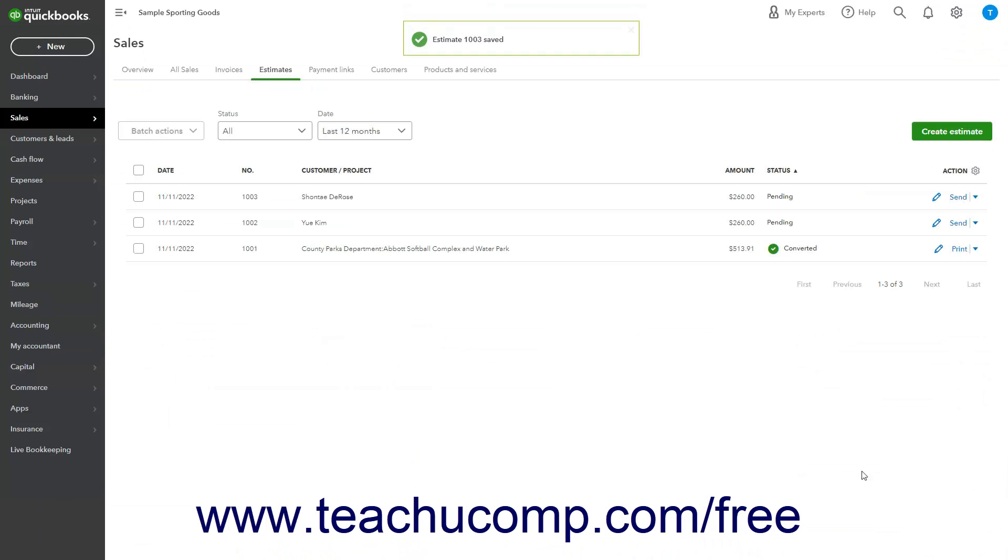The new estimate is assigned the next estimate number and is also added to the customer's transaction list.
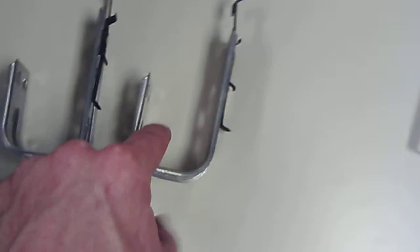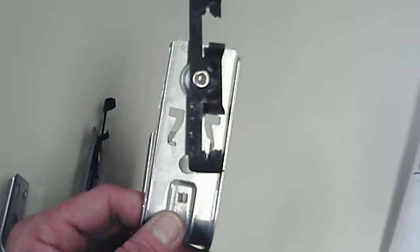Okay, so as you can see here, what we have are what are called J-hooks and they cradle the bundle of cable that would be going in here. So I'm going to hand one of these to Jeff.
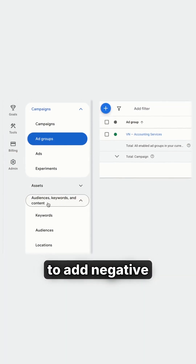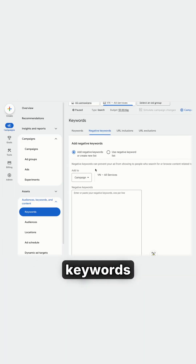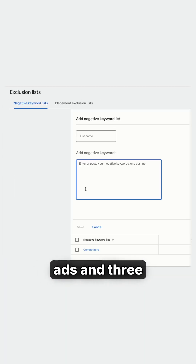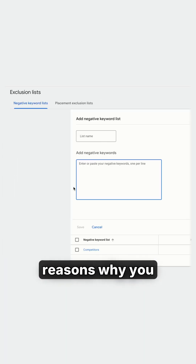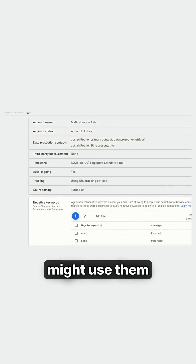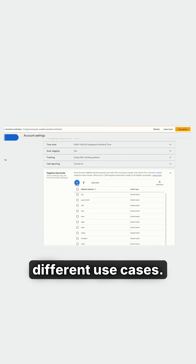There are three main ways to add negative keywords to your Google Ads, and three reasons why you might use them in different use cases.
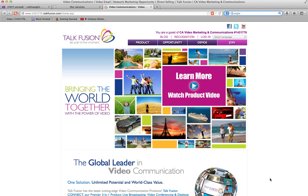Hey everyone, Colin Anglin here. I just wanted to get some video tutorials out with regards to Connect. As you know, it just launched and this is just phenomenal. It's an incredible product — it's beautiful, it's sleek, it's smooth, it's very user friendly, and it's just loaded with value for any business. Any business would want it. It's phenomenal.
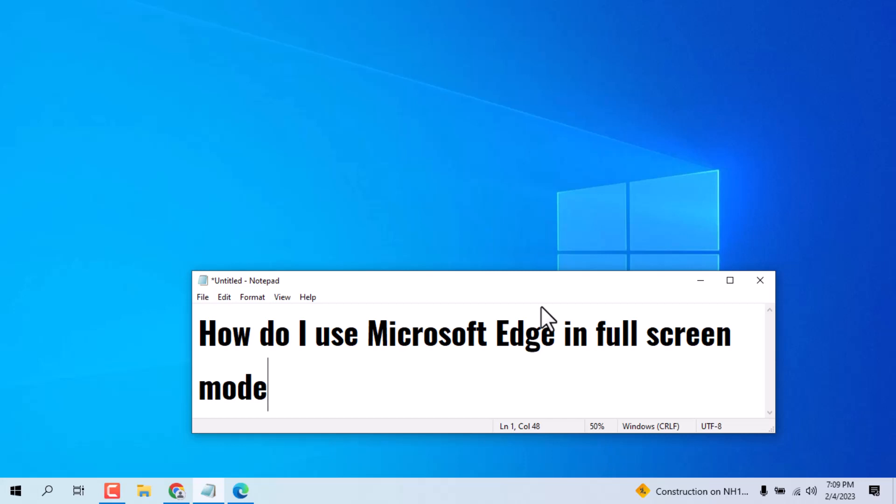Hello friends, today in this video I will show you how to use Microsoft Edge in full screen mode.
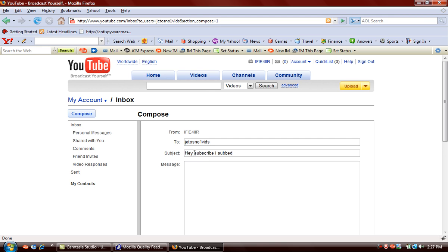Subscribe I sub. I had a smiley in there.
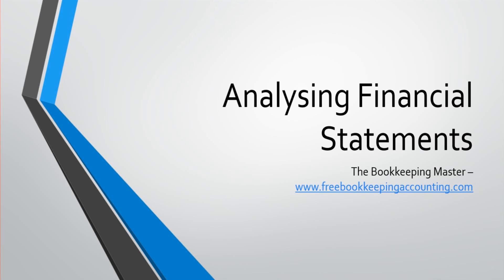Hello there, this is the Bookkeeping Master on YouTube. Welcome to this video.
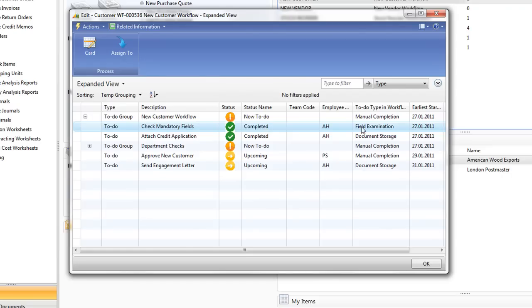It's actually a field examination and based on the rules that we've set up as to which fields it should check and what the values are allowed to be, Agilis Workflow has done this check and everything is okay with the field setup on the customer card so it automatically completes that to-do and nobody in the business needs to worry about it.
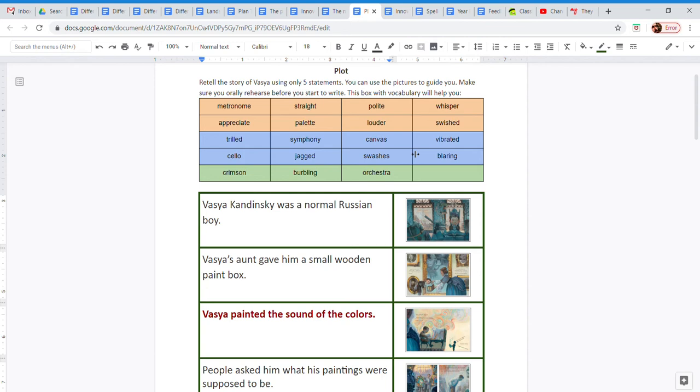So I thought we would start with what was going to remain the same. The plot of the story I wanted to stay the same. So we're going to work on the plot today.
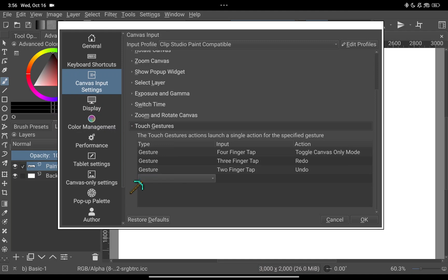And then you need to double tap on the word add shortcut and inside the blank box you choose key combination.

(DIRECTIONS) A verbatim printout of the entries above is expected, free of pictures.

(RESULT OF THE EXERCISE)
The new estimate is assigned the next estimate number and is also added to the customer's transaction list.
Okay, so as you can see here, what we have are what are called J-hooks and they cradle the bundle of cable that would be going in here. So I'm going to hand one of these to Jeff.
There are three main ways to add negative keywords to your Google Ads, and three reasons why you might use them in different use cases.
Hey everyone, Colin Anglin here. I just wanted to get some video tutorials out with regards to Connect. As you know, it just launched and this is just phenomenal. It's an incredible product — it's beautiful, it's sleek, it's smooth, it's very user friendly, and it's just loaded with value for any business. Any business would want it. It's phenomenal.
Hello friends, today in this video I will show you how to use Microsoft Edge in full screen mode.
Subscribe I sub. I had a smiley in there.
Hello there, this is the Bookkeeping Master on YouTube. Welcome to this video.
It's actually a field examination and based on the rules that we've set up as to which fields it should check and what the values are allowed to be, Agilis Workflow has done this check and everything is okay with the field setup on the customer card so it automatically completes that to-do and nobody in the business needs to worry about it.
So I thought we would start with what was going to remain the same. The plot of the story I wanted to stay the same. So we're going to work on the plot today.
And then you need to double tap on the word add shortcut and inside the blank box you choose key combination.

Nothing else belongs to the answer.